■ **Work item**: Write the full listing out again, word for word, but omit the pictures.

■ **Dataset section**:
----------

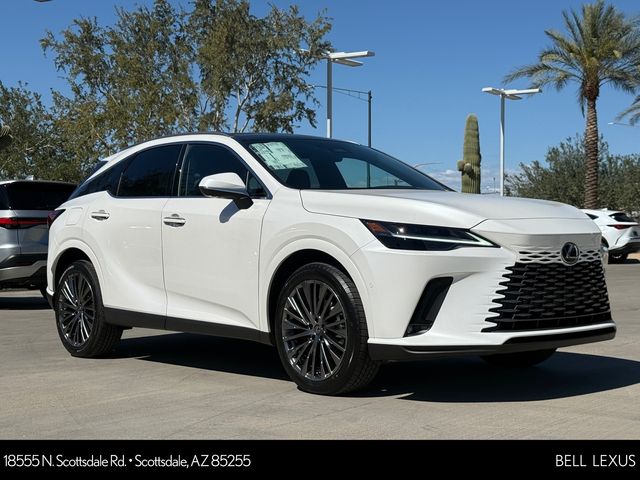 2026 Lexus RX 450h+ Luxury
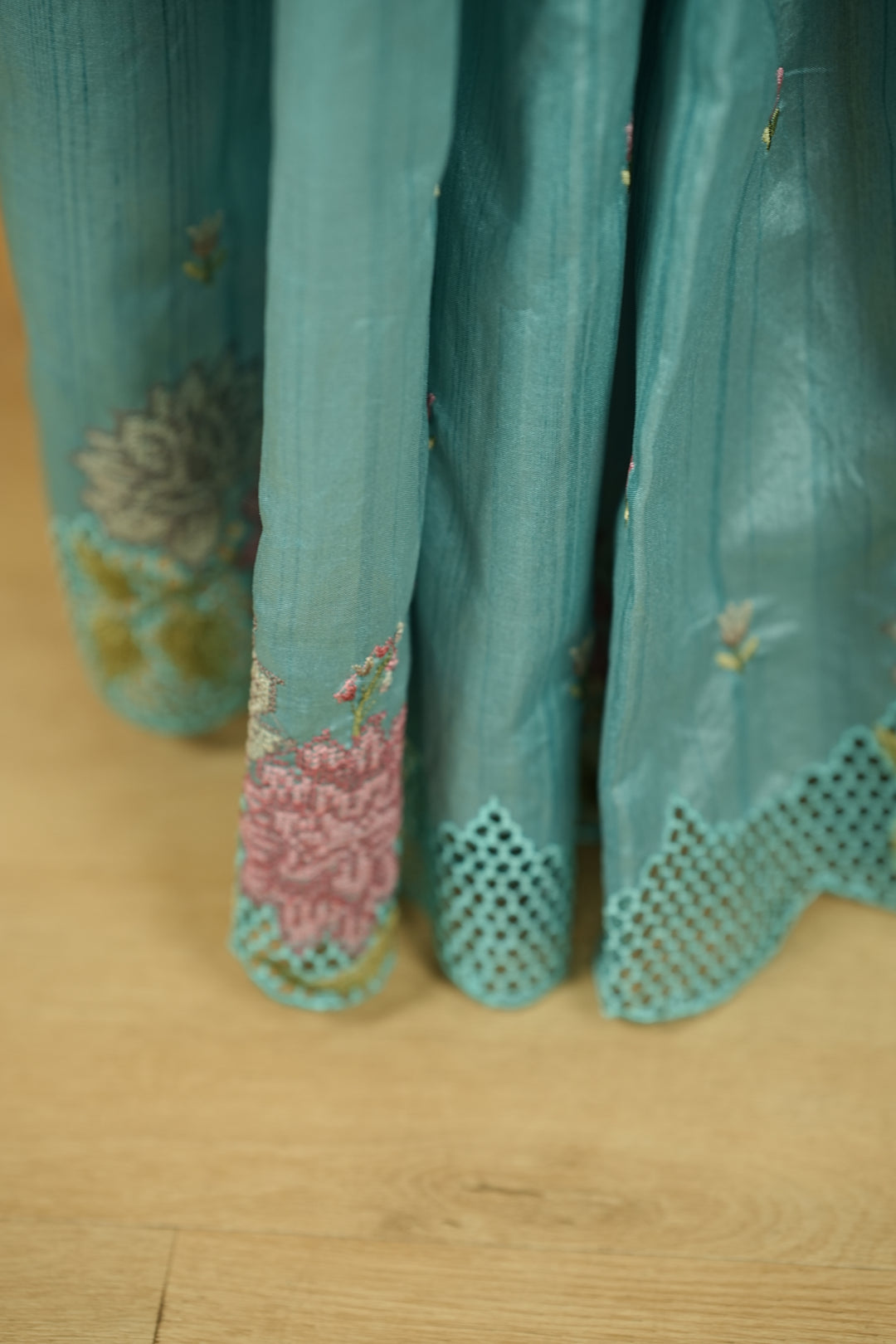 Semi Tussar Saree TSA4895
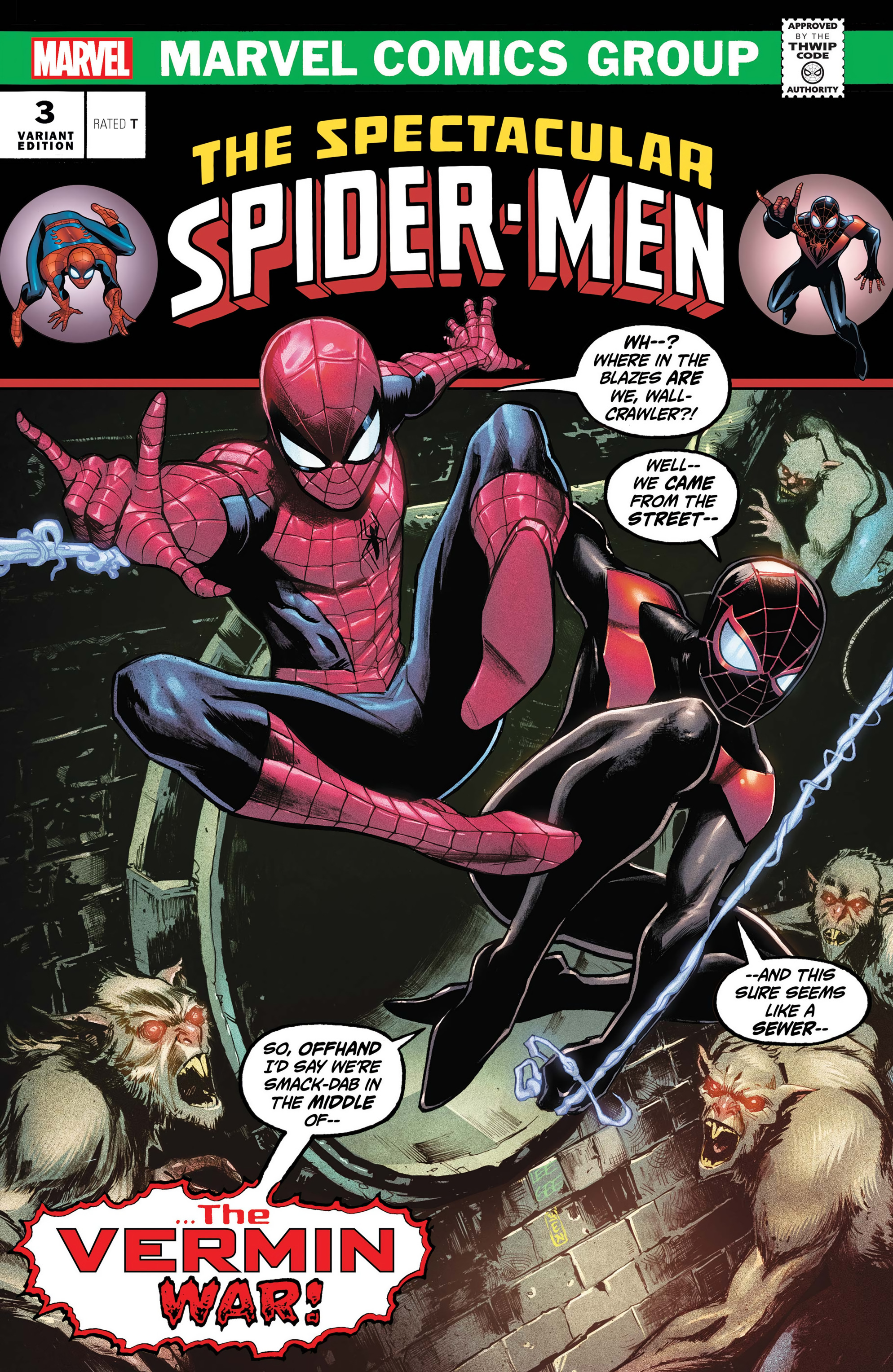 The Spectacular Spider-Men (2024-): Chapter 3 - Page 2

----------

■ **Answer section**:
 2026 Lexus RX 450h+ Luxury
 Semi Tussar Saree TSA4895
 The Spectacular Spider-Men (2024-): Chapter 3 - Page 2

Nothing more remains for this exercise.